BRIEF. The required output is the whole listing below, unchanged.

DATA.

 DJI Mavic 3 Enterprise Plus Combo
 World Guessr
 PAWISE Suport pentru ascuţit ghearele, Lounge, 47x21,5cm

EXERCISE OUTPUT.
 DJI Mavic 3 Enterprise Plus Combo
 World Guessr
 PAWISE Suport pentru ascuţit ghearele, Lounge, 47x21,5cm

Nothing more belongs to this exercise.